▶ **Your instructions**: The answer must be an exact copy of the lines from the one with "3 bed Semi-Detached for sale Image 9" through the final line of the records below, with no pictures.

* * * *

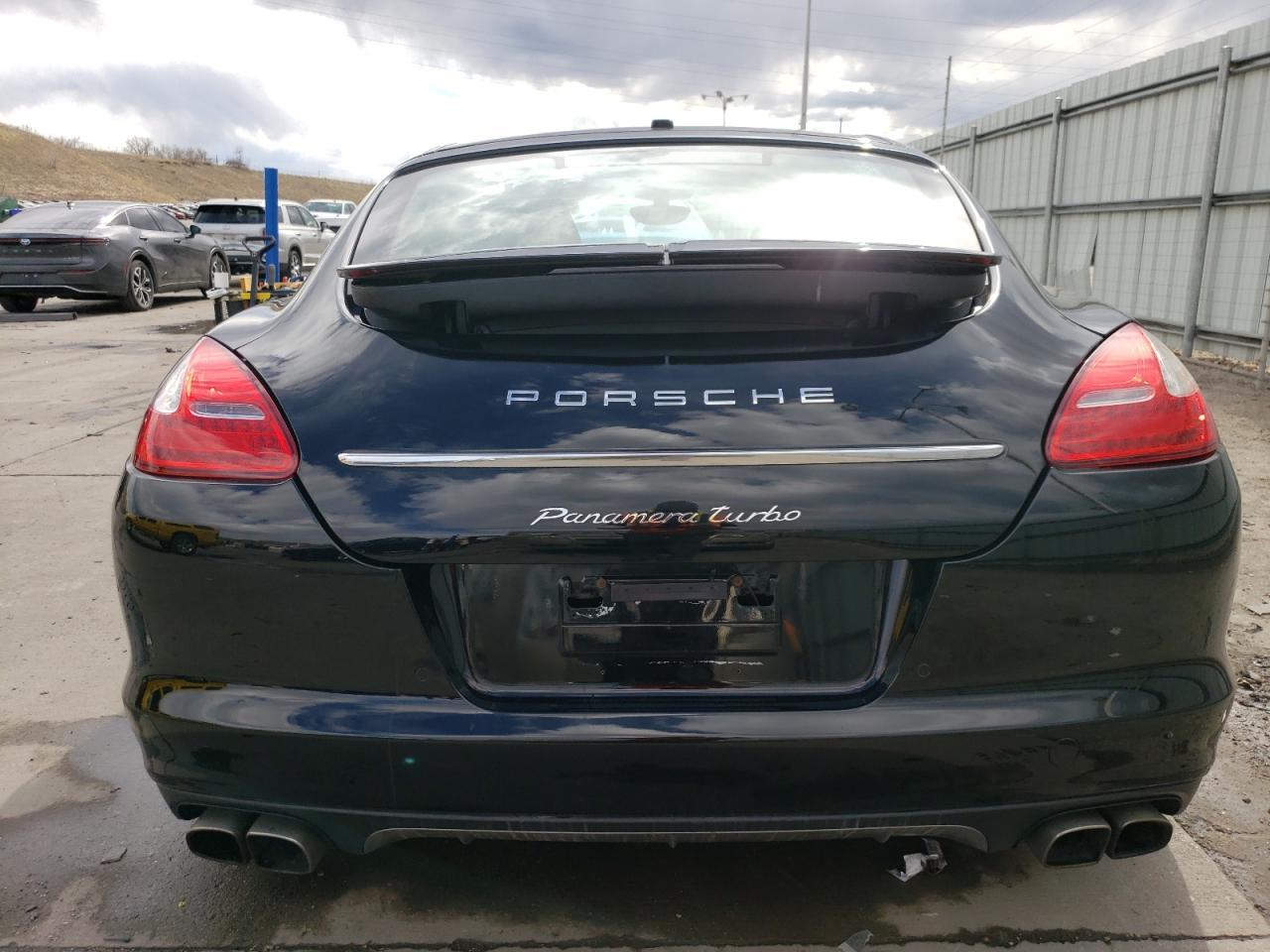 2011 PORSCHE PANAMERA T - Фото 6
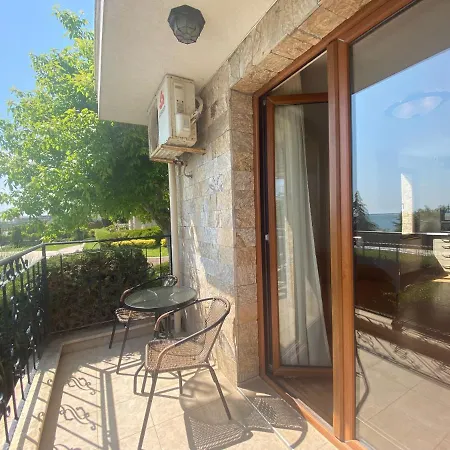 Royal Bay 6 Sea View * Sveti Vlas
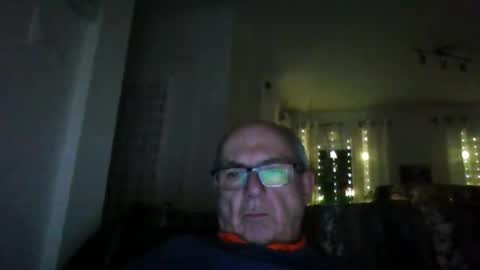 bernard1102 online show from January 6, 1:42 am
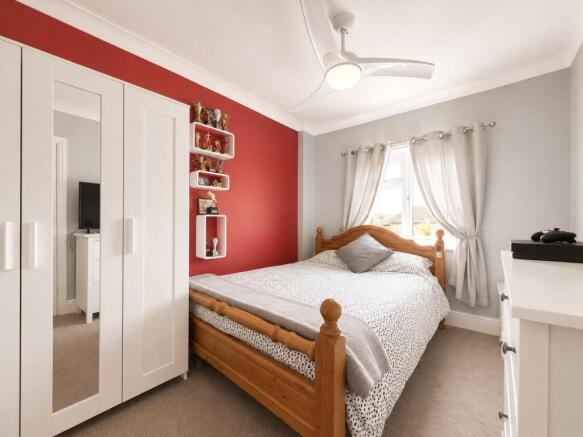 3 bed Semi-Detached for sale Image 9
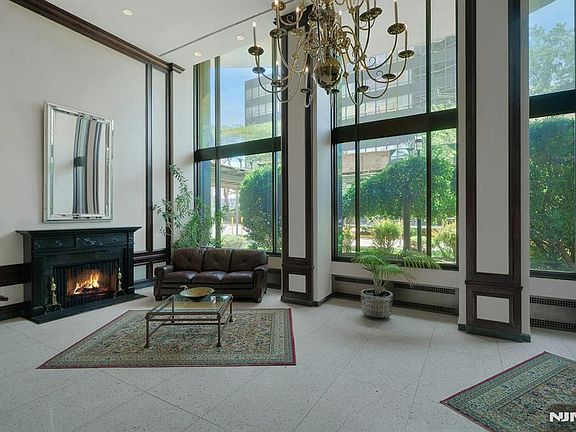 5th image of 2077 Center Ave APT 9E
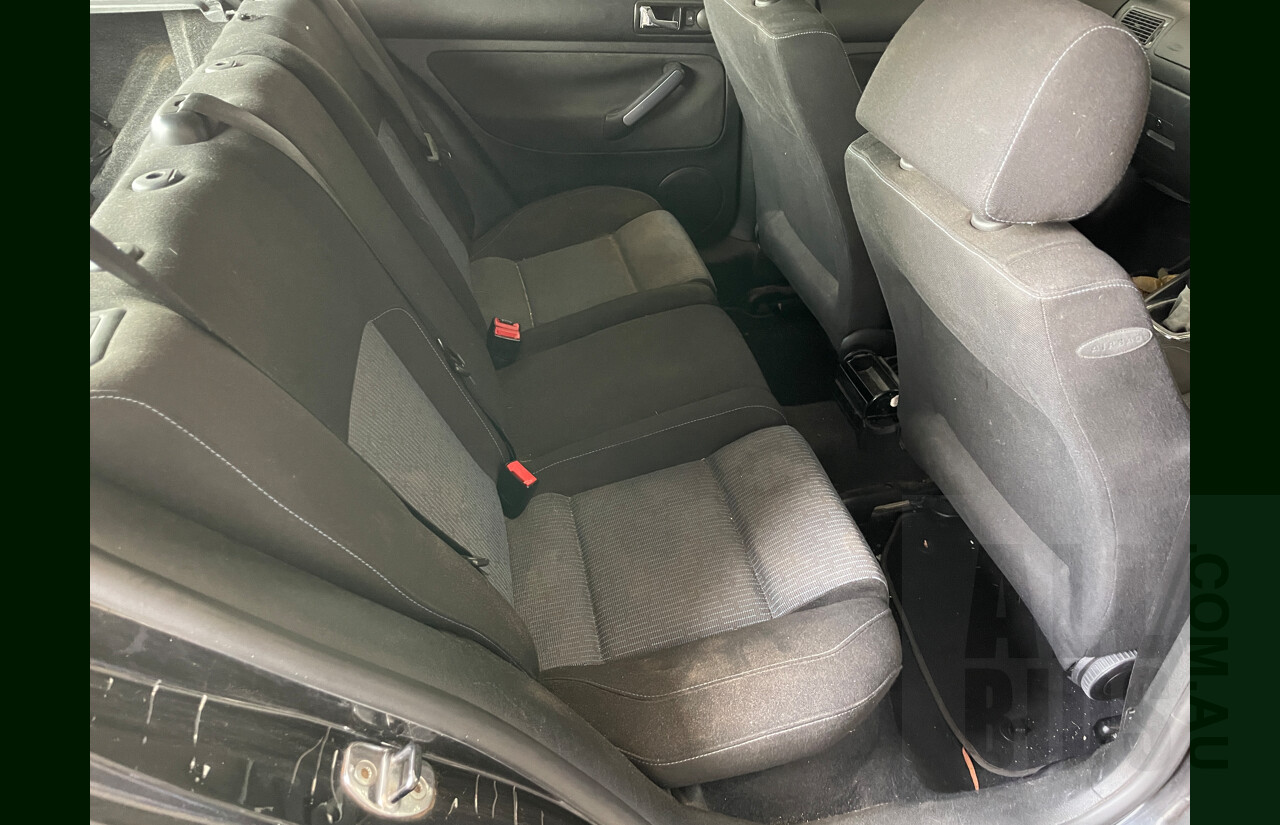 8/2003 Volkswagen Golf 2.0 Sport  5d Hatchback Black 2.0L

* * * *

▶ **Exercise answer**:
 3 bed Semi-Detached for sale Image 9
 5th image of 2077 Center Ave APT 9E
 8/2003 Volkswagen Golf 2.0 Sport  5d Hatchback Black 2.0L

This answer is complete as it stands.